这是我的虚拟数据集:
dataset<-data.frame(a=c(1,2,3,4),b=c('a','b','c','d'), c=c("HI","DD","gg","ff"))
g=list(c("a","b"),c(2,3,4), c(44,33,11,22),c("chr","ID","i","II"))
dataset$l<-g
dataset
a b c l
1 1 a HI a, b
2 2 b DD 2, 3, 4
3 3 c gg 44, 33, 11, 22
4 4 d ff chr, ID, i, II
> mode(dataset$l)
[1] "list"
当我尝试将数据集写入文件时:
> write.table(dataset, "dataset.txt", quote=F, sep="\t")
Error in write.table(x, file, nrow(x), p, rnames, sep, eol, na, dec, as.integer(quote), :
unimplemented type 'list' in 'EncodeElement'
我该如何解决这个问题?
答案 0 :(得分:3)
保存输出无法读取。 dump或dput的输出是ASCII,对于理解R对象结构的人来说是可读的,但我猜你想要它更传统的安排。
> apply(dataset, 1, function(x) paste(x, sep=",", collapse=","))
[1] "1,a,HI,c(\"a\", \"b\")"
[2] "2,b,DD,c(2, 3, 4)"
[3] "3,c,gg,c(44, 33, 11, 22)"
[4] "4,d,ff,c(\"chr\", \"ID\", \"i\", \"II\")"
反斜杠不会出现在文本文件输出中:
writeLines(con="test.txt", apply(dataset, 1, function(x) paste(x, sep=",", collapse=",")))
#-------output-----
1,a,HI,c("a", "b")
2,b,DD,c(2, 3, 4)
3,c,gg,c(44, 33, 11, 22)
4,d,ff,c("chr", "ID", "i", "II")
答案 1 :(得分:2)
我可以考虑一些选择,具体取决于你想要实现的目标。
如果仅用于展示,那么您可能只需要capture.output()
或sink()
;这些都不是非常方便回读R:
capture.output(dataset, file="myfile.txt")
### Result is a text file that looks like this:
# a b c l
# 1 1 a HI a, b
# 2 2 b DD 2, 3, 4
# 3 3 c gg 44, 33, 11, 22
# 4 4 d ff chr, ID, i, II
sink("myfile.txt")
dataset
sink()
## Same result as `capture.output()` approach
如果您希望能够将结果表读回R(虽然不保留列“l
”是列表的事实),您可以采用类似于@DWin建议的方法。 / p>
在下面的代码中,dataset2[sapply...
行标识哪些变量是列表并将它们连接成一个字符串。

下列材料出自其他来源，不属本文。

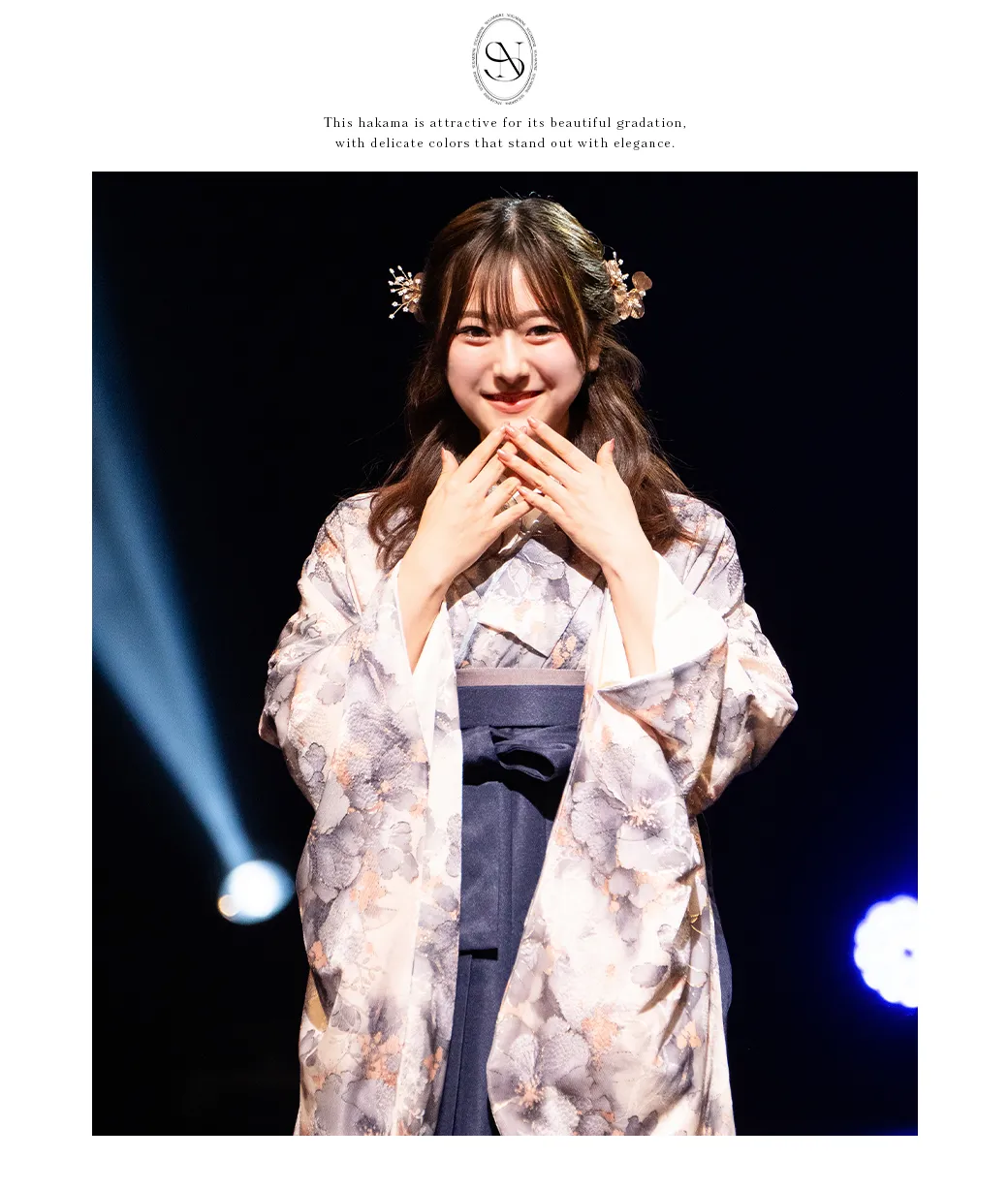 2025WINTER GAKUSEI RUNWAY 袴ステージランウェイレポート44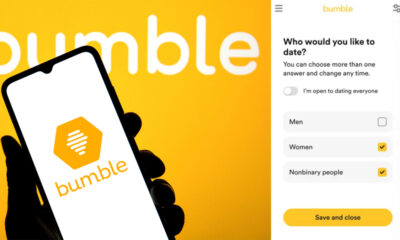 Bumble pour permettre aux utilisateurs non binaires d'envoyer un message à n'importe qui en premier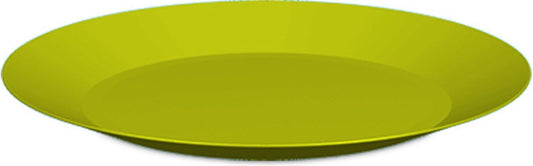 20x Stuks Ontbijt/diner Bordjes Hard Kunststof 26 Cm In Het Groen. Outdoor Servies Camping/picknick/verjaardag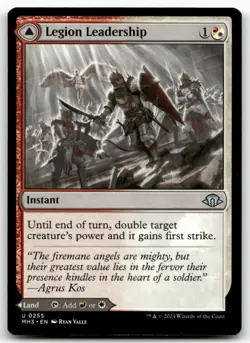 Legion Leadership #255 MTG Modern Horizons 3 NM X1 - Image 1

因此,它们成为简单的字符变量,允许您使用write.table()
。
dataset2 <- dataset # make a copy just to be on the safe side
dataset2[sapply(dataset2, is.list)] <- apply(dataset2[sapply(dataset2, is.list)],
1, function(x)
paste(unlist(x),
sep=", ", collapse=", "))
str(dataset2)
# 'data.frame': 4 obs. of 4 variables:
# $ a: num 1 2 3 4
# $ b: Factor w/ 4 levels "a","b","c","d": 1 2 3 4
# $ c: Factor w/ 4 levels "DD","ff","gg",..: 4 1 3 2
# $ l: chr "a, b" "2, 3, 4" "44, 33, 11, 22" "chr, ID, i, II"

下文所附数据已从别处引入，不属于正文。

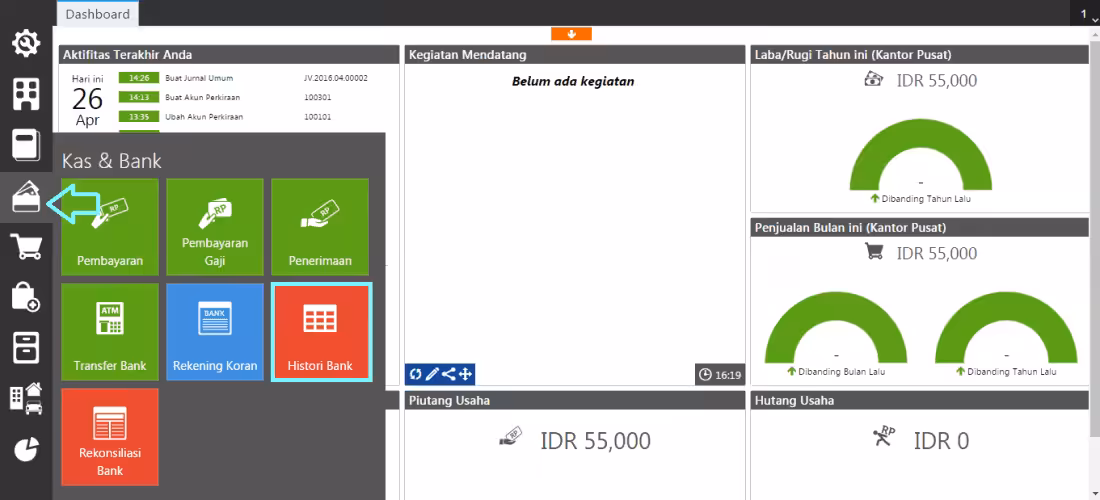 melihat histori bank pada Accurate Online melihat histori bank pada Accurate Online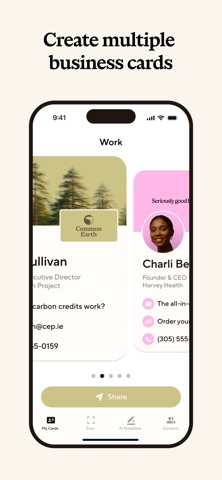 Blinq: Digital Business Card iPhone screenshot 10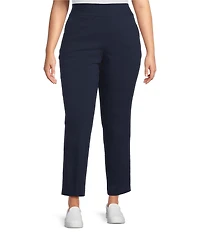 Allison Daley Plus Size Stretch Pull-On Straight Leg Pants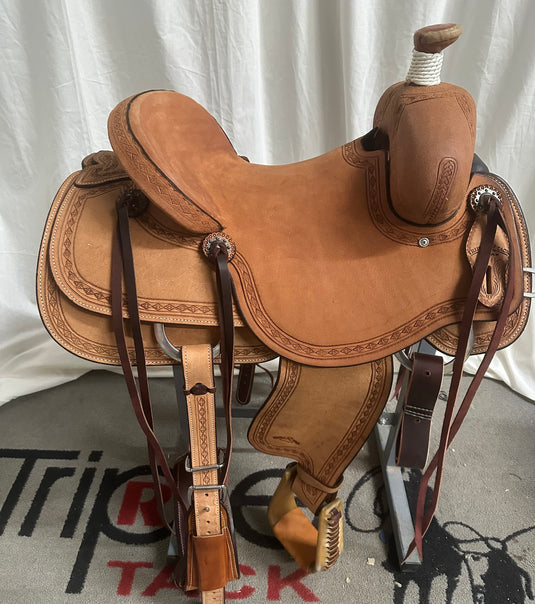 Triple R Modified Association Rancher Saddle 15"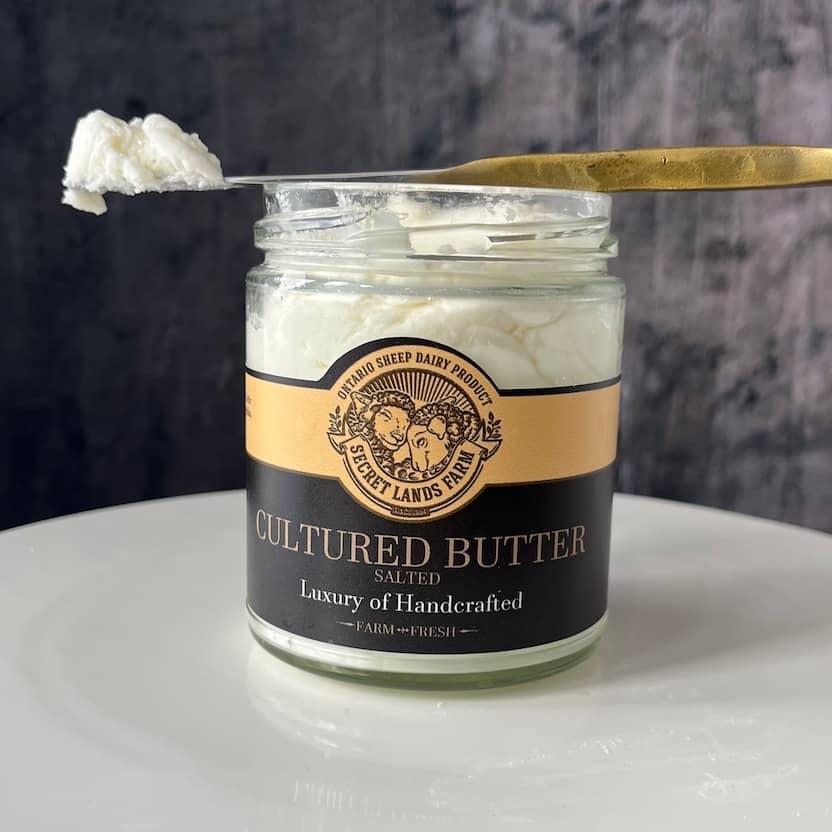 Fresh cultured butter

write.table(dataset2, "myfile.txt", quote=FALSE, sep="\t")
# can be read back in with: dataset3 <- read.delim("myfile.txt")
答案 2 :(得分:2)
如果其中一个要求是保留excel的格式等,这可能会有所帮助:
writableTable <- tableFlatten(dataset, filler="")
# a b c l.01 l.02 l.03 l.04
# 1 a HI a b
# 2 b DD 2 3 4
# 3 c gg 44 33 11 22
# 4 d ff chr ID i II
write.csv(writableTable, "myFile.csv")
tableFlatten
使用函数listFlatten
,顾名思义,它使用嵌套列表并展平它们。
但是,如果列表中的元素大小不同,则会添加填充符(可以是NA
s,空格或任何其他用户定义的选项)
它的代码如下。
tableFlatten <- function(tableWithLists, filler="") {
# takes as input a table with lists and returns a flat table
# empty spots in lists are filled with value of `filler`
#
# depends on: listFlatten(.), findGroupRanges(.), fw0(.)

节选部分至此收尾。